Start of Records for the task
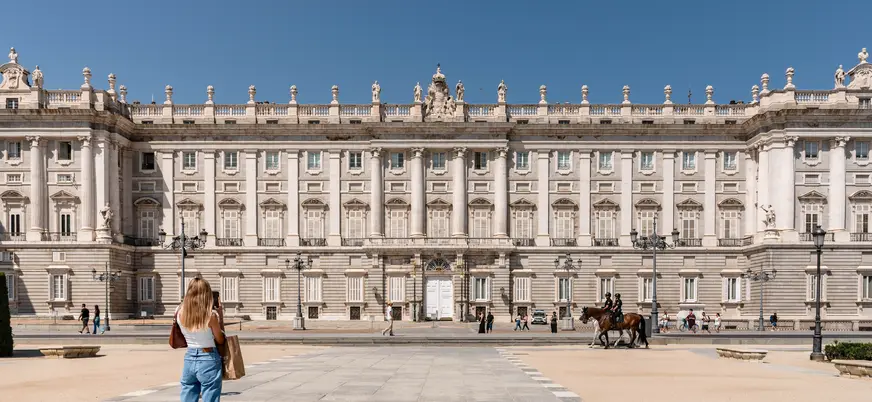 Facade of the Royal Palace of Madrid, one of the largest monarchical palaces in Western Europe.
End of Records for the task
Start of Records for the task
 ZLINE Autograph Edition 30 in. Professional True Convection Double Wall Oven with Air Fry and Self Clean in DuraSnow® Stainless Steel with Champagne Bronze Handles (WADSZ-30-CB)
End of Records for the task
Start of Records for the task
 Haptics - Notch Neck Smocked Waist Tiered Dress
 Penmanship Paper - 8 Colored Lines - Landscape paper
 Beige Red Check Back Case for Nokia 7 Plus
End of Records for the task
_Your instructions_
The required output is every line above from the one with "Penmanship Paper - 8" down to the one with "Beige Red Check Back Case for Nokia 7 Plus", restated word for word, ends included.

_Task response_
 Penmanship Paper - 8 Colored Lines - Landscape paper
 Beige Red Check Back Case for Nokia 7 Plus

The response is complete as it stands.